Oluwaokere não se intimida com esses perigos, mas sua colega voluntária, Olamilekan Adekeye, estudante universitária de 26 anos, teve que se refugiar após ver uma cobra. “Não sei que tipo de cobra era, mas o medo me fez fugir. Me escondi em uma loja e voltei algumas horas depois.”

A OMS também recomenda o uso de armadilhas de janela Esperanza (EWT), que capturam os borrachudos em superfícies pegajosas. Propostas pela primeira vez em 2013, essas armadilhas têm sido eficazes na América do Sul, mas não se mostraram tão bem-sucedidas na África.

"Acredito que o fator humano é essencial", afirma a Dra. Maria Rebollo Polo, líder do programa global de eliminação da oncocercose na OMS. "A atração dos humanos pelas moscas parece ser tão forte que é difícil replicá-la."

Com o intuito de reduzir o uso de pessoas, a Sightsavers e o Instituto Global para Eliminação de Doenças estão trabalhando no desenvolvimento de novas versões das EWT. Estudos em países como Malawi, Moçambique, Gana e Costa do Marfim buscam otimizar essas armadilhas, utilizando variações como dióxido de carbono para imitar o hálito humano, colas, roupas de cores diferentes e até o cheiro de pés suados.

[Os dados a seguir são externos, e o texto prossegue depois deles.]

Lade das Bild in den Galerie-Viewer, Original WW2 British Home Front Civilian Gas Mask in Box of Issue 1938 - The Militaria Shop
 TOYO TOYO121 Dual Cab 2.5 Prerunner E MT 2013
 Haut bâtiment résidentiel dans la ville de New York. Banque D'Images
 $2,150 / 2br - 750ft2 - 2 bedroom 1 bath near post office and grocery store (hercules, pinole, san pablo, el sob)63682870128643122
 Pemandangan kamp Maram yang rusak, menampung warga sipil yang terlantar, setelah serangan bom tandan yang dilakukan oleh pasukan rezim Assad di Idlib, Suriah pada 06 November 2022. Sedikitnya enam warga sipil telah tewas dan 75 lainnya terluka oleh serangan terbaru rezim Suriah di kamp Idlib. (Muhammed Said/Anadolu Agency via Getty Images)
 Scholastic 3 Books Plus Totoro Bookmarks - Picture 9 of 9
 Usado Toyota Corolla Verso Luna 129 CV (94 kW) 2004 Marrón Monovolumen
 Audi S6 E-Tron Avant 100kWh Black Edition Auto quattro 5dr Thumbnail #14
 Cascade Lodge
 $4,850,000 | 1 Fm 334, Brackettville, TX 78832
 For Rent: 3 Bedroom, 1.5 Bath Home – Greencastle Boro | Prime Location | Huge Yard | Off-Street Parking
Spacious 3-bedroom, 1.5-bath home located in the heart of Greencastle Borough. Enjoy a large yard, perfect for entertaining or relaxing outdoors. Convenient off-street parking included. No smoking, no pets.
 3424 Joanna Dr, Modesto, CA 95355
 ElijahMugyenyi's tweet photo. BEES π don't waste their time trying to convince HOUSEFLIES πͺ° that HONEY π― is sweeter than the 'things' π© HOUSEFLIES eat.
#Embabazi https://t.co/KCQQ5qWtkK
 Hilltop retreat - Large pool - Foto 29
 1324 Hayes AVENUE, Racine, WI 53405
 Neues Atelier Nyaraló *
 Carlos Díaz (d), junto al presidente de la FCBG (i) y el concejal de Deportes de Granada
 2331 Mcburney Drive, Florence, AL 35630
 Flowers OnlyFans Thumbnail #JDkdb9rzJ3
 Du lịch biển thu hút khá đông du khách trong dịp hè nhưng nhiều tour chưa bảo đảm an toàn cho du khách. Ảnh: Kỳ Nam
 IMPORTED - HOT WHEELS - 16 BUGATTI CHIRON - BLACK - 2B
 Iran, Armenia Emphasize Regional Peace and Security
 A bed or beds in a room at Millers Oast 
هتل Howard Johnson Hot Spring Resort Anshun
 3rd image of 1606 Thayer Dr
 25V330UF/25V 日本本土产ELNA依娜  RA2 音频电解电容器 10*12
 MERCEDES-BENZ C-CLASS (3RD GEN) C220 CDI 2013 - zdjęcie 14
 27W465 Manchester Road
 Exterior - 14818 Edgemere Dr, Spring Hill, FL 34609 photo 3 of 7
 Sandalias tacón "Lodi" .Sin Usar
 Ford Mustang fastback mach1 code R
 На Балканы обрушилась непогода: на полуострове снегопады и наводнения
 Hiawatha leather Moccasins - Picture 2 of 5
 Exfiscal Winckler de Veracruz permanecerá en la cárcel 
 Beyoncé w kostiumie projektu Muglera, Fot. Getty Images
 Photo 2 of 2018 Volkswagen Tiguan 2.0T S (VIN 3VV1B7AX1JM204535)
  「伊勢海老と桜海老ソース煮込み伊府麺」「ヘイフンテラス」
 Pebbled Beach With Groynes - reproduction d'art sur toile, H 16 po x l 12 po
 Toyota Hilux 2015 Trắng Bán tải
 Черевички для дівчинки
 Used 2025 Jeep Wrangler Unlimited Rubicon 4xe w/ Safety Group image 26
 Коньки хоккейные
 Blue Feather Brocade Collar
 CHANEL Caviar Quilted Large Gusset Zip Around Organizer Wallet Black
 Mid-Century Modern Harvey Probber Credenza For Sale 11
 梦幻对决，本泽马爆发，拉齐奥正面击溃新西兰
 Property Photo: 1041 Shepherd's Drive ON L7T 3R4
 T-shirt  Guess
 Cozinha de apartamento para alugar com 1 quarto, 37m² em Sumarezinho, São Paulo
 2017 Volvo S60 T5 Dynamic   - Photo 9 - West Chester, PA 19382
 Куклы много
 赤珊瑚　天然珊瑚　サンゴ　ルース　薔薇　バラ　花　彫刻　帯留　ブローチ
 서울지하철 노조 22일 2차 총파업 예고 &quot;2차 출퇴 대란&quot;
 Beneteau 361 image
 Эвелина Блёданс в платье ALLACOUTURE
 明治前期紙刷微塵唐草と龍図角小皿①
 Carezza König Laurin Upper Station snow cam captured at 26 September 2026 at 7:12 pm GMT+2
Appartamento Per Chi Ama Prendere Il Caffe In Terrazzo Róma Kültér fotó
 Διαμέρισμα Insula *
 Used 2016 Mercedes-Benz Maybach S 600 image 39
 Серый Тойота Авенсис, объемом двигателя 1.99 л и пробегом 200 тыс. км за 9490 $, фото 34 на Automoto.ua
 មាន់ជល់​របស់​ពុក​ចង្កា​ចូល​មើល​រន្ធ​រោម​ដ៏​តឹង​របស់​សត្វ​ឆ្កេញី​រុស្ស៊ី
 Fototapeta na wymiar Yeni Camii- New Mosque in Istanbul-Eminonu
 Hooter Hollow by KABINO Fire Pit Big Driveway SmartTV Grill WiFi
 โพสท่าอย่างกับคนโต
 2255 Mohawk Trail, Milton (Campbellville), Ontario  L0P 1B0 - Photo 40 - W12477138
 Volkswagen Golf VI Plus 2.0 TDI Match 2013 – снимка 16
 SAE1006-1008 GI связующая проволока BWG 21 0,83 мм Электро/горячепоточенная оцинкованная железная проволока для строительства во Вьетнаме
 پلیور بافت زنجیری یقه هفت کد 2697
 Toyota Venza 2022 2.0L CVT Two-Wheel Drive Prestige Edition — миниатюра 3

Rebollo reconhece que os papa-moscas humanos, apesar de serem uma técnica rudimentar, ainda são necessários devido à falta de recursos financeiros. "Se as doenças tropicais negligenciadas recebessem mais atenção e financiamento, já teríamos desenvolvido técnicas mais avançadas que reduziriam o desconforto humano", afirmou.

Ela acrescenta que o uso de pessoas é fundamental em diversas pesquisas, como exames de sangue em crianças para monitoramento de malária ou ensaios clínicos em que as pessoas são expostas a medicamentos. Cada país tem comitês de ética que regulam como as pessoas podem ser envolvidas em tais estudos.

De volta a Ilorin, Oluwaokere e Adekeye sentem-se gratas por poder contribuir para melhorias na saúde, mas ambas desejam que o valor pago seja mais alto. "O que recebo é muito pouco", diz Adekeye. "Tenho outras fontes de trabalho que pagam melhor, mas escolhi fazer isso para ajudar minha comunidade."